Data shown →
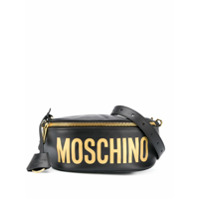 Moschino Pochete de couro com logo - Preto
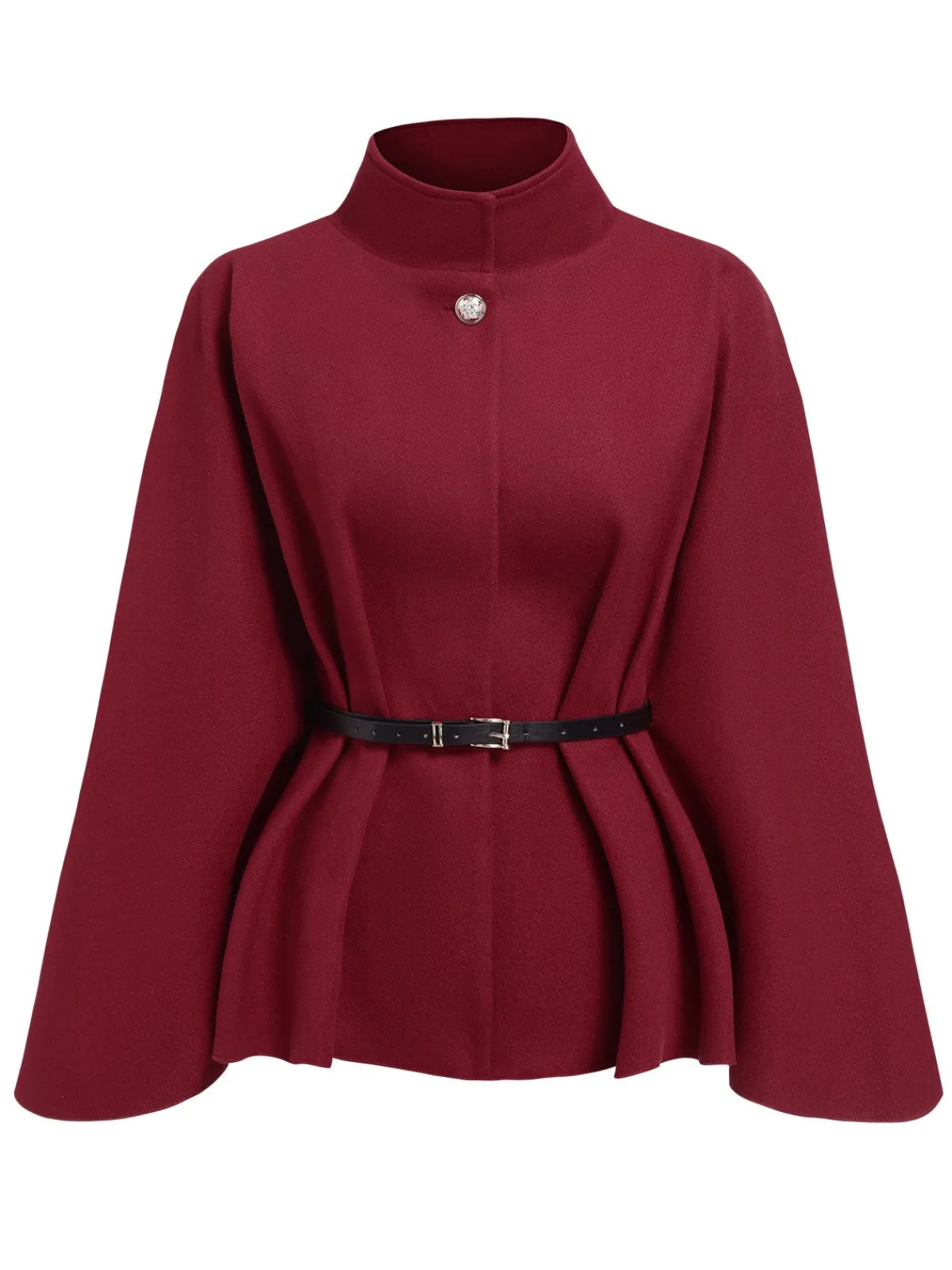 Outlet Retro Stage 1960s Solid Belted Cloak Coat Wine Red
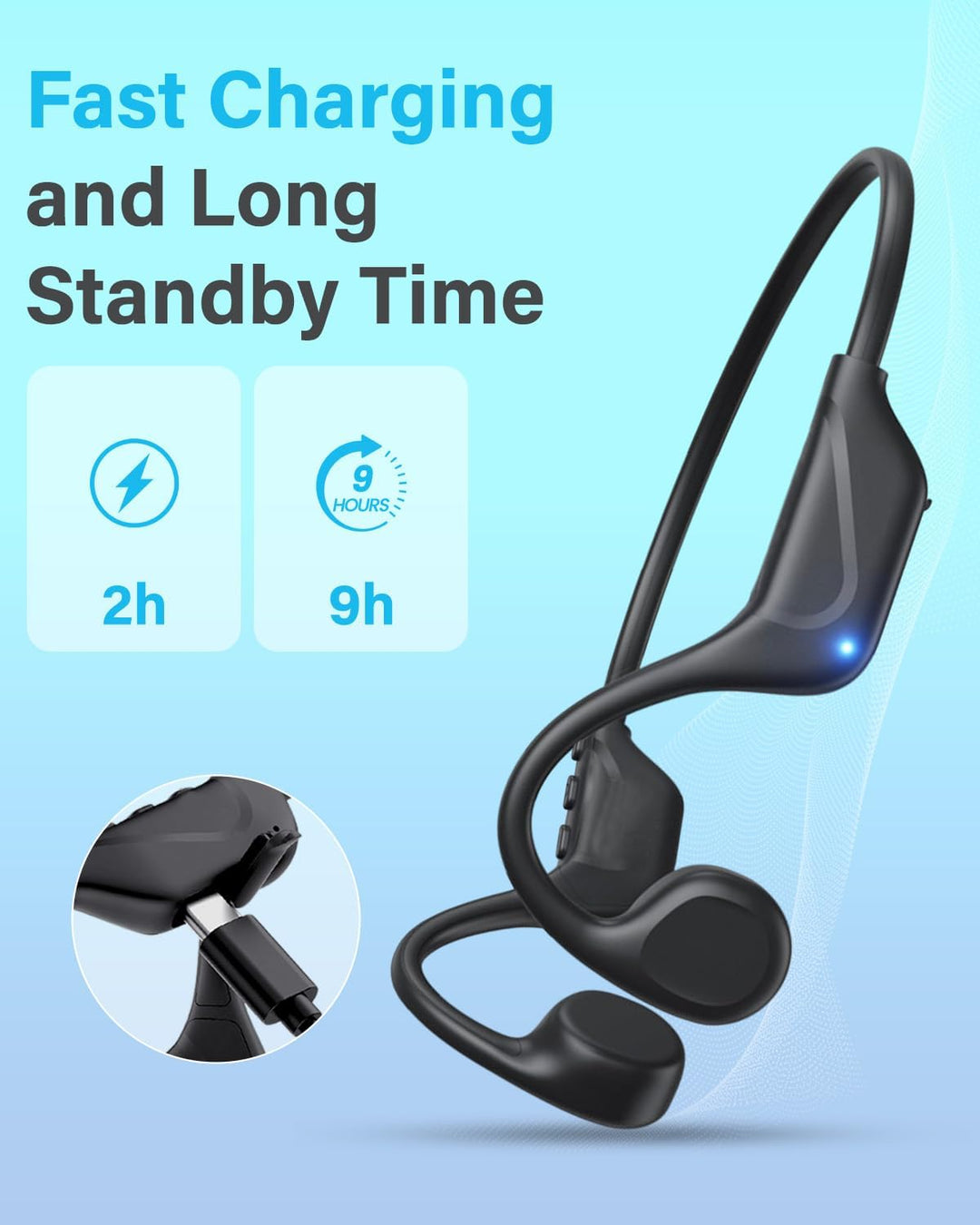 Sehawei Knochenschall Kopfhörer Bluetooth,2025 Upgrade Kopfhörer Kabellos 5.4 Bone Conduction Headph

What is required → Extract the full listing above verbatim; pictures are to be left out of the copy.

Expected answer →
 Moschino Pochete de couro com logo - Preto
 Outlet Retro Stage 1960s Solid Belted Cloak Coat Wine Red
 Sehawei Knochenschall Kopfhörer Bluetooth,2025 Upgrade Kopfhörer Kabellos 5.4 Bone Conduction Headph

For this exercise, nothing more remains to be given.